• **The problem**:
All entries below must be reproduced without a single change.
»»
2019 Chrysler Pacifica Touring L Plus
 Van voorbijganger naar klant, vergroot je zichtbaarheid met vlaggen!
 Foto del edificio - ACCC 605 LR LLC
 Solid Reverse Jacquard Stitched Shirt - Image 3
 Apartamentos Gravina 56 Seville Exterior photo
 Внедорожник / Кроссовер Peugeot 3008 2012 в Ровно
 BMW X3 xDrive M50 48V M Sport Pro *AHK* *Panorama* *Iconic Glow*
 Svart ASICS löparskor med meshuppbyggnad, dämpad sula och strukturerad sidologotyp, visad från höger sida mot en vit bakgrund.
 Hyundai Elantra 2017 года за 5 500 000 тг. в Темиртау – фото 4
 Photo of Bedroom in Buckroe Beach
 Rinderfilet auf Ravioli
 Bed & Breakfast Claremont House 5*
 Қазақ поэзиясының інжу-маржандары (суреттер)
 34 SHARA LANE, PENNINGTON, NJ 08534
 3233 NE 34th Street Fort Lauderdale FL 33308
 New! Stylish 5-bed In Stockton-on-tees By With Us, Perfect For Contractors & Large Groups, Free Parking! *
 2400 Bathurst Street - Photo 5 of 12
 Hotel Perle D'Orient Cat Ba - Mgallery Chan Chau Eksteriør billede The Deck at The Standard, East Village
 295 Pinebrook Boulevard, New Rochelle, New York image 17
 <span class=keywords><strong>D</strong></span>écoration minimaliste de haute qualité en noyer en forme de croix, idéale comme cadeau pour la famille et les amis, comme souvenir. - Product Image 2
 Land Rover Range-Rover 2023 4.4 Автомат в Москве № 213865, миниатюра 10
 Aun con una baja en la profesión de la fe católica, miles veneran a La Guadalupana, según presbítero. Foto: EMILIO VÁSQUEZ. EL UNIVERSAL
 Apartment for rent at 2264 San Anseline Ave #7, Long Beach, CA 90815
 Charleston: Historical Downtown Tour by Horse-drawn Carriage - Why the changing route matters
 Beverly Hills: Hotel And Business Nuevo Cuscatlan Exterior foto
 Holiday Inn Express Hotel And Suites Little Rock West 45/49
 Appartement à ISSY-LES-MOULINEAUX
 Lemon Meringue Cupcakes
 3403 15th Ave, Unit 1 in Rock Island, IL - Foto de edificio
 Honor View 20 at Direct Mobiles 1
««
• **Solution to the problem**:
2019 Chrysler Pacifica Touring L Plus
 Van voorbijganger naar klant, vergroot je zichtbaarheid met vlaggen!
 Foto del edificio - ACCC 605 LR LLC
 Solid Reverse Jacquard Stitched Shirt - Image 3
 Apartamentos Gravina 56 Seville Exterior photo
 Внедорожник / Кроссовер Peugeot 3008 2012 в Ровно
 BMW X3 xDrive M50 48V M Sport Pro *AHK* *Panorama* *Iconic Glow*
 Svart ASICS löparskor med meshuppbyggnad, dämpad sula och strukturerad sidologotyp, visad från höger sida mot en vit bakgrund.
 Hyundai Elantra 2017 года за 5 500 000 тг. в Темиртау – фото 4
 Photo of Bedroom in Buckroe Beach
 Rinderfilet auf Ravioli
 Bed & Breakfast Claremont House 5*
 Қазақ поэзиясының інжу-маржандары (суреттер)
 34 SHARA LANE, PENNINGTON, NJ 08534
 3233 NE 34th Street Fort Lauderdale FL 33308
 New! Stylish 5-bed In Stockton-on-tees By With Us, Perfect For Contractors & Large Groups, Free Parking! *
 2400 Bathurst Street - Photo 5 of 12
 Hotel Perle D'Orient Cat Ba - Mgallery Chan Chau Eksteriør billede The Deck at The Standard, East Village
 295 Pinebrook Boulevard, New Rochelle, New York image 17
 <span class=keywords><strong>D</strong></span>écoration minimaliste de haute qualité en noyer en forme de croix, idéale comme cadeau pour la famille et les amis, comme souvenir. - Product Image 2
 Land Rover Range-Rover 2023 4.4 Автомат в Москве № 213865, миниатюра 10
 Aun con una baja en la profesión de la fe católica, miles veneran a La Guadalupana, según presbítero. Foto: EMILIO VÁSQUEZ. EL UNIVERSAL
 Apartment for rent at 2264 San Anseline Ave #7, Long Beach, CA 90815
 Charleston: Historical Downtown Tour by Horse-drawn Carriage - Why the changing route matters
 Beverly Hills: Hotel And Business Nuevo Cuscatlan Exterior foto
 Holiday Inn Express Hotel And Suites Little Rock West 45/49
 Appartement à ISSY-LES-MOULINEAUX
 Lemon Meringue Cupcakes
 3403 15th Ave, Unit 1 in Rock Island, IL - Foto de edificio
 Honor View 20 at Direct Mobiles 1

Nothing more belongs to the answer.